O analista também pondera que georreferenciar equipamentos públicos na região do litígio “contribui para que seja avaliada a jurisdição administrativa das localidades, assim como para que se identifique quem de fato presta os serviços públicos à população residente nessas áreas”.
Acesso aos serviços básicos
Em pesquisa elaborada a partir de entrevistas com moradores de 417 domicílios na área em disputa, foi constatado que a maioria utiliza as estruturas cearenses quando necessita de algum serviço público como saúde, educação ou segurança.

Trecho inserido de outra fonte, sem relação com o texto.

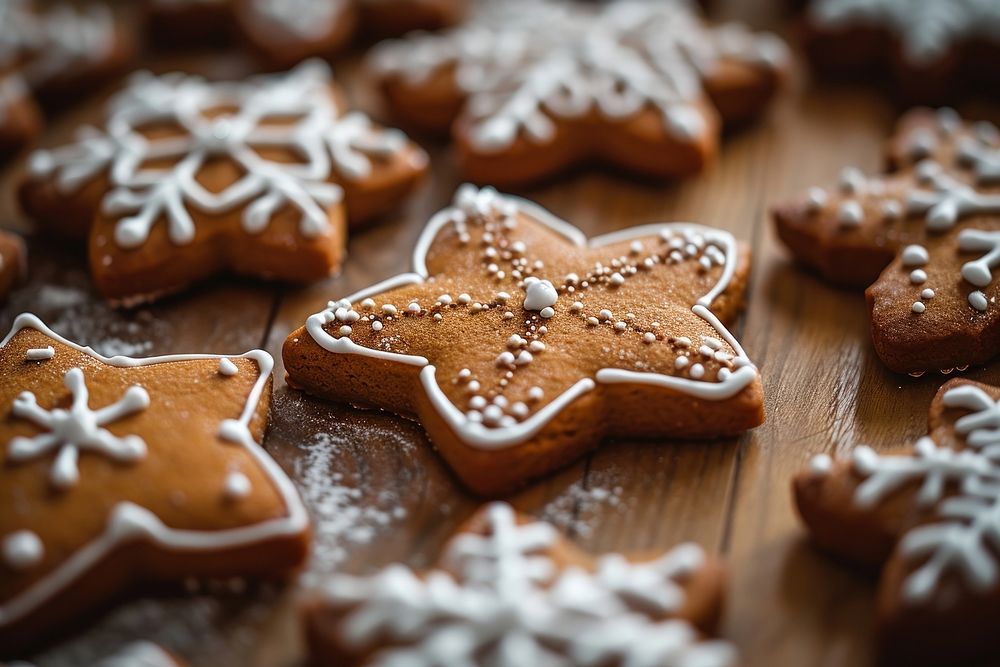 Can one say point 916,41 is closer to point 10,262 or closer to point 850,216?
point 850,216

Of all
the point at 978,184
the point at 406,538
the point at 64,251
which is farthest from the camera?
the point at 64,251

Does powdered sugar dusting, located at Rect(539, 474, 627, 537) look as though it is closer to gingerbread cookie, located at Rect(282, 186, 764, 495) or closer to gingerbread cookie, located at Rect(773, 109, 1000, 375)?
gingerbread cookie, located at Rect(282, 186, 764, 495)

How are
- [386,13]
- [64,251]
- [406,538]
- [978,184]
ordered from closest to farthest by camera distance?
[406,538]
[978,184]
[64,251]
[386,13]

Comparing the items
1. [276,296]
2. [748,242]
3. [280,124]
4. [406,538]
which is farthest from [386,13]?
[406,538]

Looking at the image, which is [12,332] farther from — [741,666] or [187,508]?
[741,666]

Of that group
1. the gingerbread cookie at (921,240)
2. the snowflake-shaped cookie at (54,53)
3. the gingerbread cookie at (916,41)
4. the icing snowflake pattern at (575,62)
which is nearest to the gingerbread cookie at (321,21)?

Em domicílios onde algum morador estuda em escola pública, 96,6% estão matriculados no Ceará. Dos entrevistados, 89% confirmam que são atendidos em unidades de saúde estaduais ou municipais cearenses.
Fornecimento de água e energia, bem como acesso a delegacias de polícia, também são garantidos por empresas e equipamentos vinculados ao Ceará.
População prefere ser do Ceará
A pesquisa sobre o sentimento de pertencimento dos cearenses em relação ao território, que integra, além do Ipece, a Assembleia Legislativa do Ceará (Alece), a Universidade Estadual do Ceará (Uece) e secretarias e órgãos estaduais, destaca também que a maioria (87,5%) da população escolheria ficar no Ceará, caso precisasse optar.
Do total, 81,8% nasceram no estado cearense, e mais da metade vivem na região há mais de 30 anos. Além disso, mais de 90% dos entrevistados afirmaram que a propriedade onde moram é registrada no Ceará.
Entenda o litígio
A disputa entre os dois territórios é centenária, se estende desde registros cartográficos dos anos 1800; mas se firmou no âmbito judicial em 2011, quando o Piauí recorreu ao Supremo Tribunal Federal (STF) para decidir sobre o impasse.
A área em litígio é de aproximadamente 3 mil km², abrangendo parte dos municípios de Poranga, Croatá, Tianguá, Guaraciaba do Norte, Ipueiras, Carnaubal, Ubajara, Ibiapina, São Benedito, Ipaporanga, Crateús, Viçosa do Ceará e Granja.
Atualmente, de acordo com o procurador geral do Estado, Rafael Machado, “a ação está em fase de perícia pelo Exército Brasileiro, que vai se ater a documentos históricos e cartográficos”.